Managers of institutions using the yield curve to enhance income are making an implied rate forecast. If long-term rates are higher than short-term rates, the market is predicting that rates will rise. Managers using short-term funding for long-term assets are betting that the market’s rate forecast is wrong. If rates rise, institutions will suffer a decline in both income and market value.
For the economist approach to work, rate forecasts have to be accurate more than 50% of the time. If rate forecast accuracy is less than 50%, managers in institutions employing the Economist’s approach will show less profit over the long haul.
The Farin & Parliment Retail/Wholesale Approach
The F&P approach recognizes that retail customers are risk-averse because most have no effective way of hedging their interest rate risk. How many ARM customers will see their salaries increase to cover their increased mortgage payments in a rising rate environment? The F&P approach also recognizes that retail customers are willing to pay a premium for what they consider to be desirable options (annual and lifetime caps, prepayment options, conversion options, early withdrawal options, etc.).
With rates at the bottom of the cycle, loan customers, particularly nonconforming loan customers, are willing to pay a premium for fixed-rate loans. They need to be bribed heavily with rate, caps, and other incentives to accept adjustable rate loans. Retail deposit customers are often willing to accept treasury or sub-treasury rates on short-term CDs but require a significant premium over treasury before committing funds to long-term CDs.
Under the F&P approach, the institution’s managers accept all retail instruments that are well priced considering their risk characteristics. They accept fixed rate loans for portfolio purposes, especially nonconforming loans offering significant spreads over secondary market rates. They also accept short-term CDs and core deposits, as long as they can find them at sub-treasury rates. They don’t pay up for long-term CDs.
“But this is insane,” you say. “Long-term assets funded by short-term liabilities!” Let’s look at the rest of this approach.

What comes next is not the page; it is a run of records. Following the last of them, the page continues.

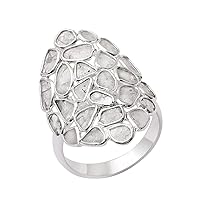 2.00 CTW Natural Diamond Polki Cluster Ring 925 Sterling Silver Platinum Plated Slice Diamond Jewelry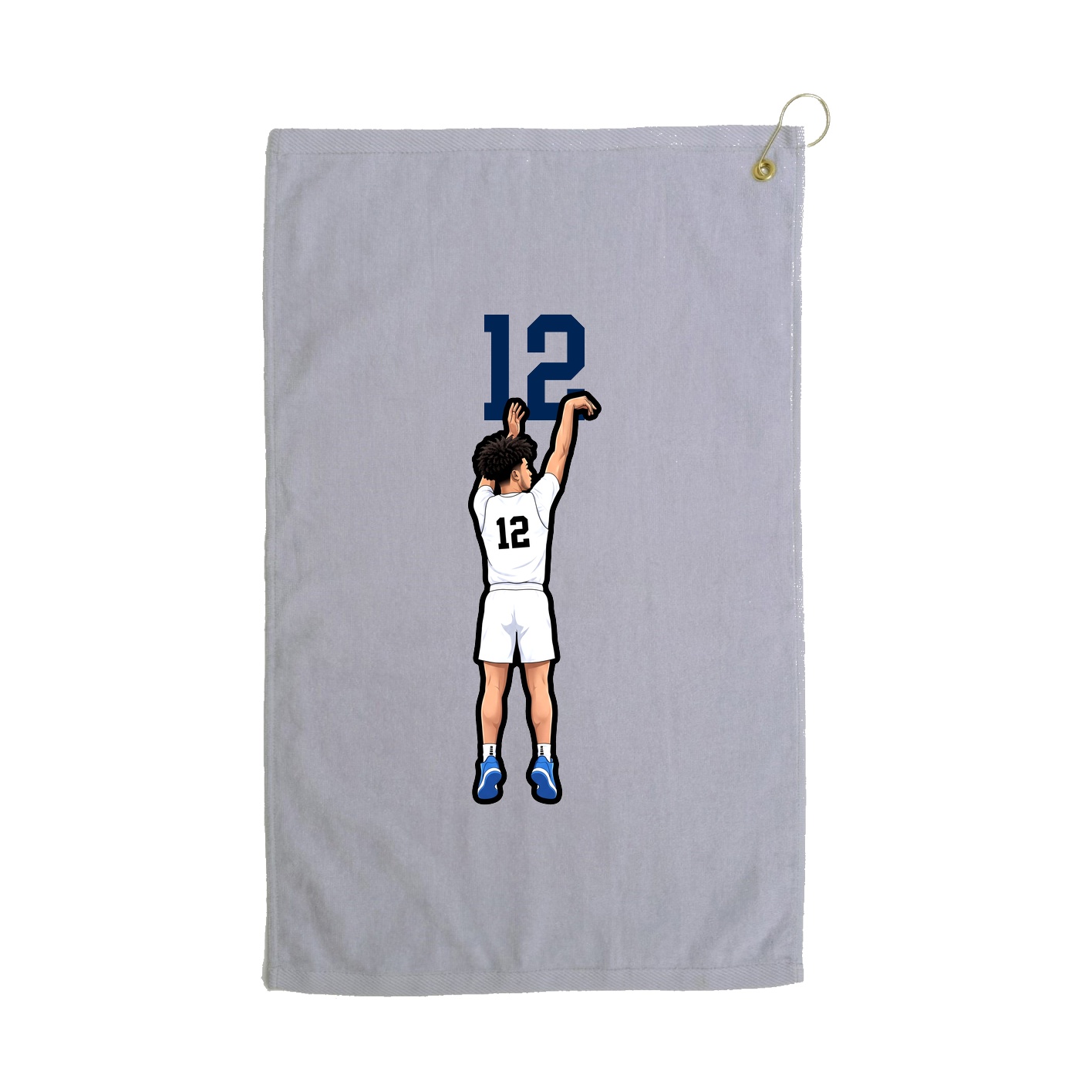 Golf Towel — Number Top in Grey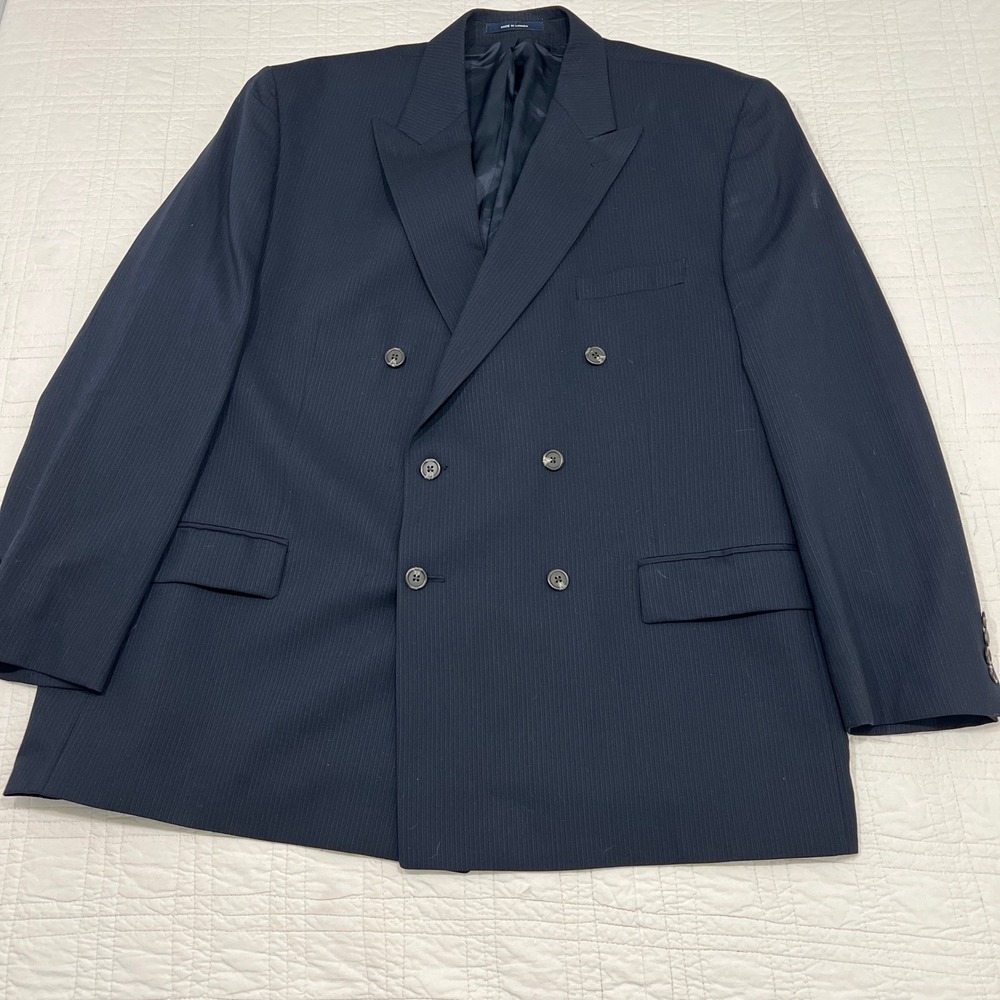 Ralph Lauren Mens Navy Textured Pinstripe Double Breasted Suit 48R 1998 *note - Picture 2 of 16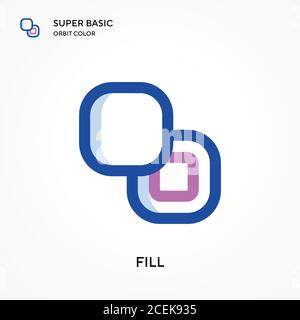 Farbevektor-Symbol für die Füllfarbe „Super Basic Orbit“. Illustration Symbol Design Vorlage für Web mobile UI-Element. Perfekte Farbe modernes Piktogramm auf bearbeitbare st Stock Vektor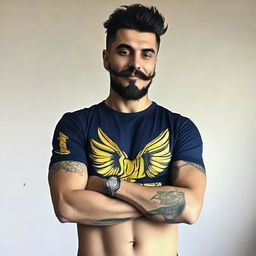 Create me : My name is Fatih Çelen I am an engineer. I am 24 years old. I love swallow and have a swallow tattoo on my left arm. I love Fenerbahçe and machine. My hair cut like russian soldier.my mustache and beard are like V for vandetta 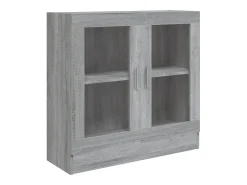 Vitrina de madera contrachapada gris sonoma 82,5x30,5x80 cm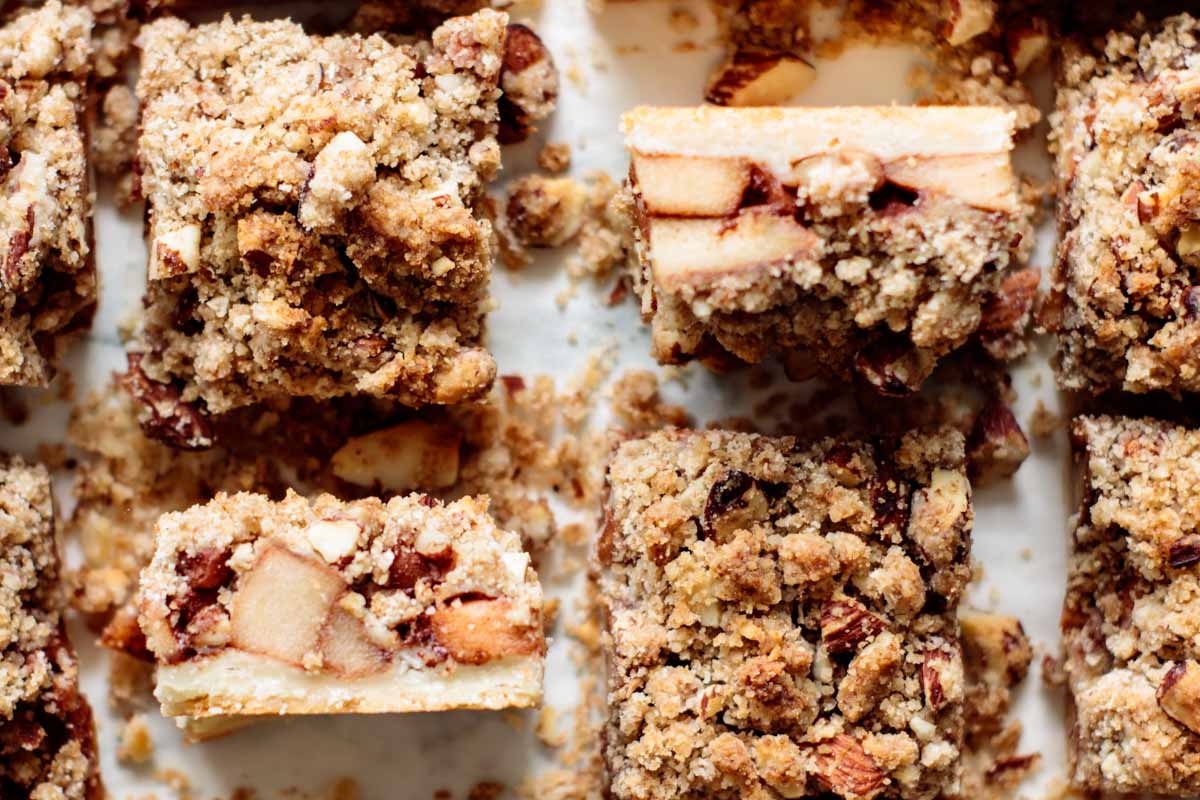 apple bars after baking, sliced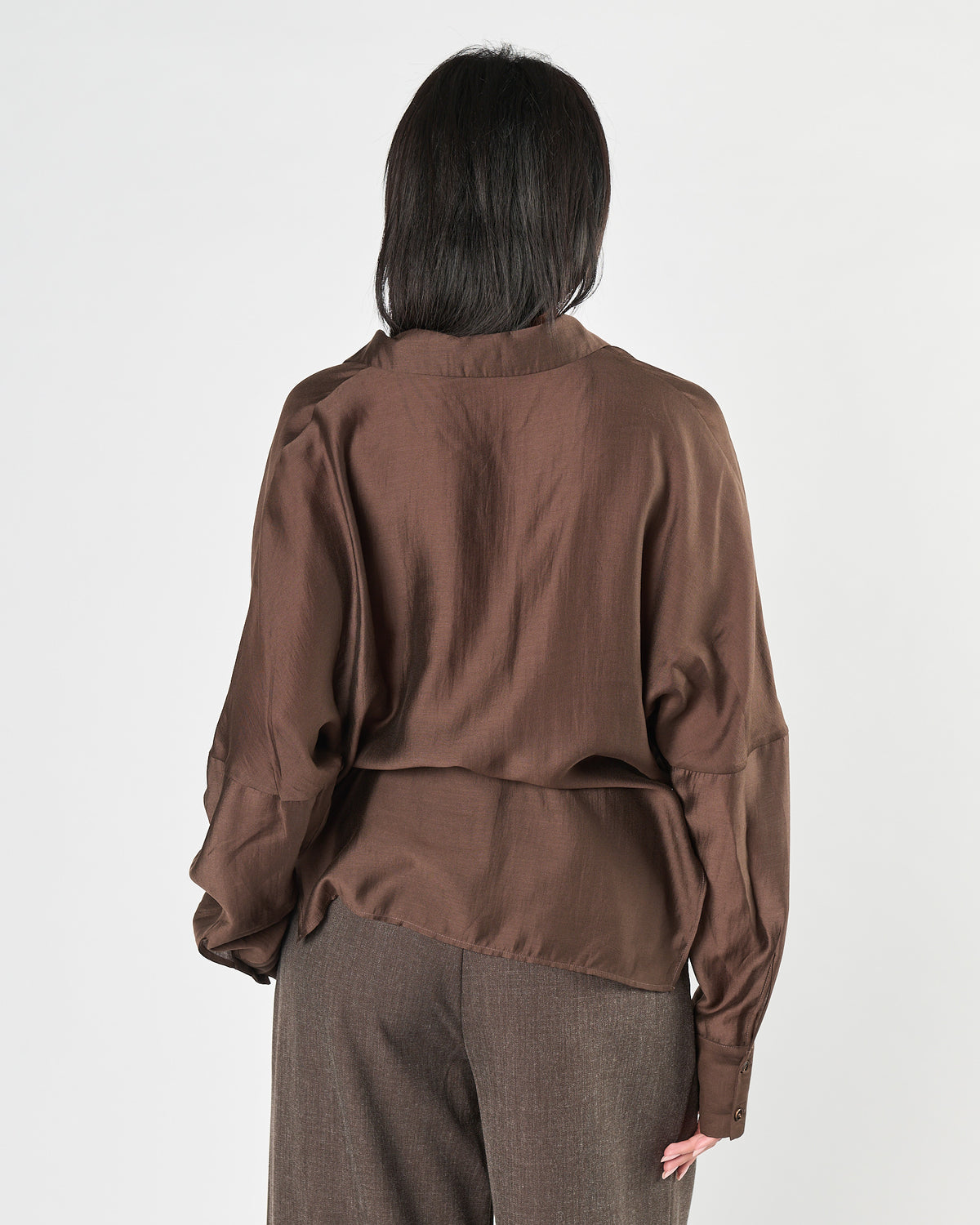 Camicia Eleh fluida cioccolato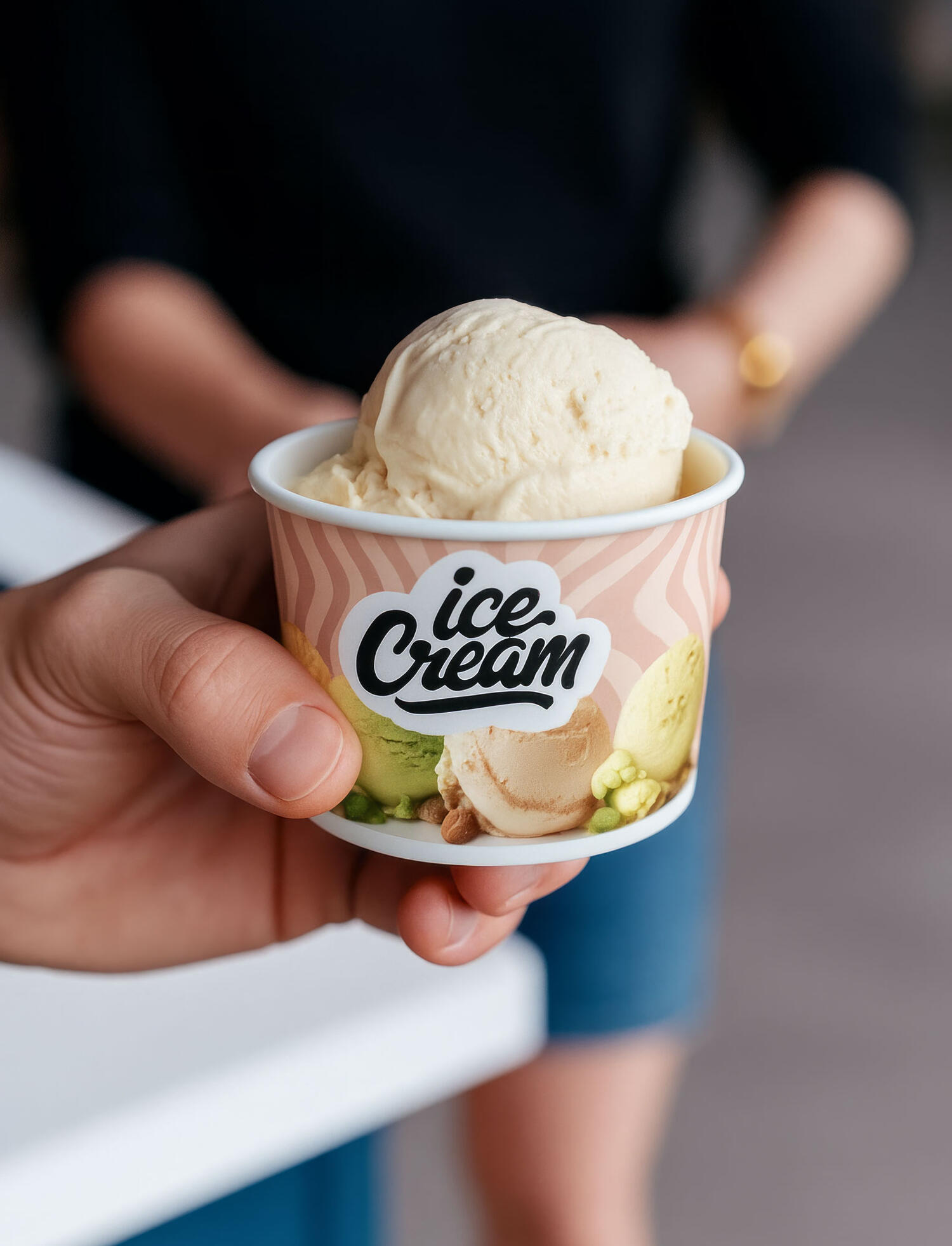 Eisbecher 140ml bedruckt ICE CREAM 70 mm, 50 Stck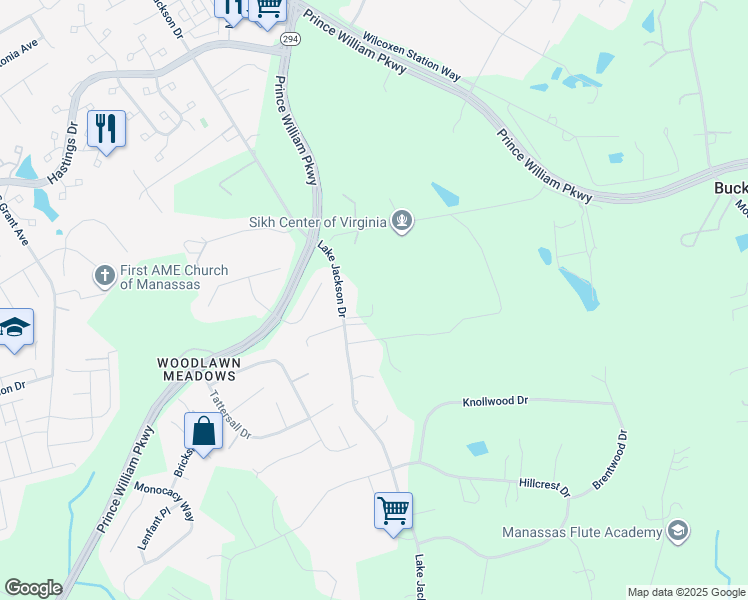 map of restaurants, bars, coffee shops, grocery stores, and more near 10319 Lake Jackson Drive in Manassas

Those pursuing the F&P approach use pricing to control the level of short-term liabilities. They use the wholesale markets to offset the interest rate risk they are incurring in the retail markets. This may mean investing primarily in short-term securities to balance long-term loans. Using the F&P approach may also mean raising long-term funding to balance short-term deposits through wholesale market sources like FHLB advances. More sophisticated institutions may use instruments like interest rate swaps and caps.
The objective of the F&P strategy is not to bring interest rate risk to zero. Rather, the management team is attempting to maximize performance while keeping interest rate risk within its policy limits. Review the MCNB case in the previous issue. It compares a retail liability approach to the F&P approach for a $100 million institution. The results are startling.
To the extent managers employing the F&P approach take on interest rate risk and rates move in an adverse direction, declines in income and market value will occur. The damage is limited by setting and maintaining compliance with appropriate policy limits.